Se volvió perezosamente hacia ella. Rowan estaba reclinada en el asiento, sosteniéndole la mano.
—Si salimos de esto —murmuró Rowan—, si no intentas entorpecer mis movimientos, si no vuelvo a alejarme de ti…
—Sí…
—Entonces nada se interpondrá entre nosotros. Nadie podrá separarnos jamás. Ni tampoco me importará que tengas otra mujer más joven.
—No deseo otra mujer —contestó Michael—. Durante el tiempo que permaneciste alejada de mí ni siquiera soñé con otras mujeres. Quiero a Mona, sí, y siempre la querré, pero eso forma parte de nuestra naturaleza. La quiero y deseo tener un hijo suyo. Tengo tantas ganas de ser padre que me da miedo hablar de ello. Es demasiado pronto. No quiero llevarme una decepción. Pero sólo te amo a ti, desde el día en que nos conocimos.

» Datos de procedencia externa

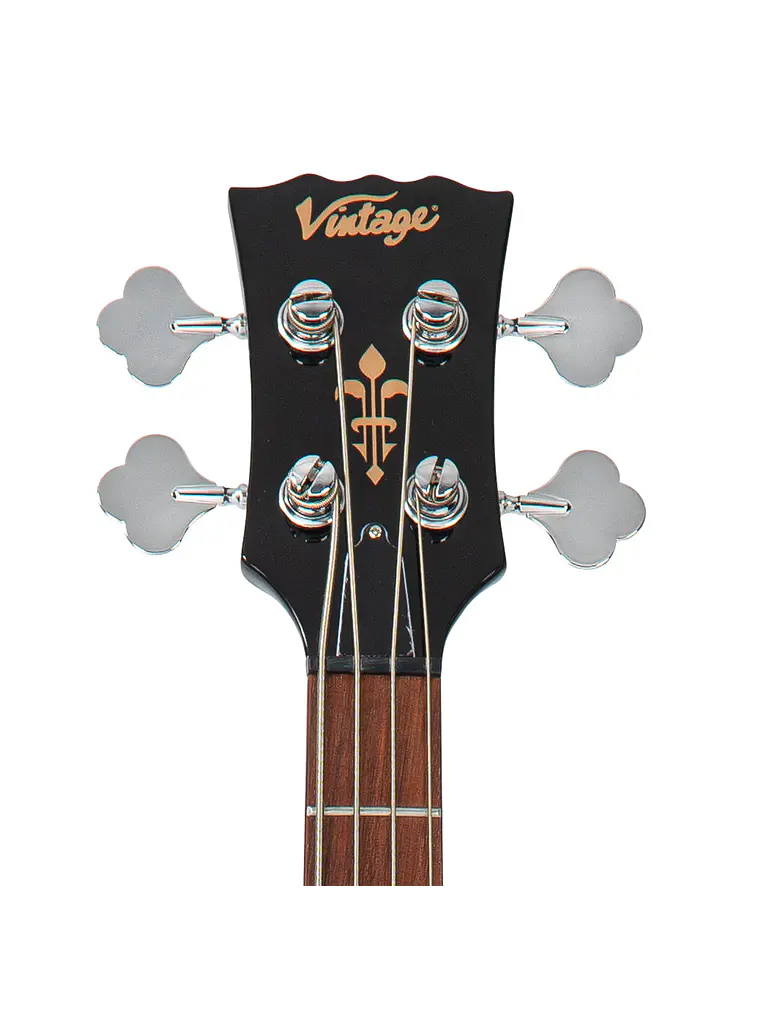 Bajo vintage VS4 reeditado ~ Boulevard Black 5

Rowan cerró los ojos, y apoyó su mano sobre el brazo de Michael, hasta que al cabo de unos minutos ésta se deslizó y cayó, de forma natural, como si Rowan se hubiera quedado dormida. Michael se volvió y contempló su rostro perfecto y sereno.
—He matado —murmuró él, aunque no estaba seguro de que ella pudiera oírlo—. He matado a tres personas, y no siento el menor remordimiento. Eso cambia a cualquiera.
Rowan no respondió.
—Si fuese necesario volvería a hacerlo —dijo Michael.
Rowan movió los labios.
—Lo sé —dijo suavemente, sin abrir los ojos, inmóvil como si estuviera profundamente dormida—. Yo lo haré tanto si es preciso como si no. Me han ofendido mortalmente.
Rowan se inclinó hacia Michael y lo besó de nuevo en los labios.
—Así, no aguantaremos hasta llegar a Londres —dijo él.
—Somos los únicos que viajamos en primera —contestó Rowan, alzando las cejas y besándolo nuevamente—. Una vez, a bordo de un avión, sentí una especie de amor que jamás había sentido. Fue el primer beso que me dio Lasher, por decirlo así. Fue un beso salvaje, electrizante. Pero ahora deseo tus brazos, tu pene, tu cuerpo. No puedo esperar hasta que nos encontremos en Londres. ¡Lo necesito ahora!
No hacía falta que ella insistiera. De no haberse desabrochado Rowan la chaqueta, él le habría arrancado los botones en un típico arrebato romántico.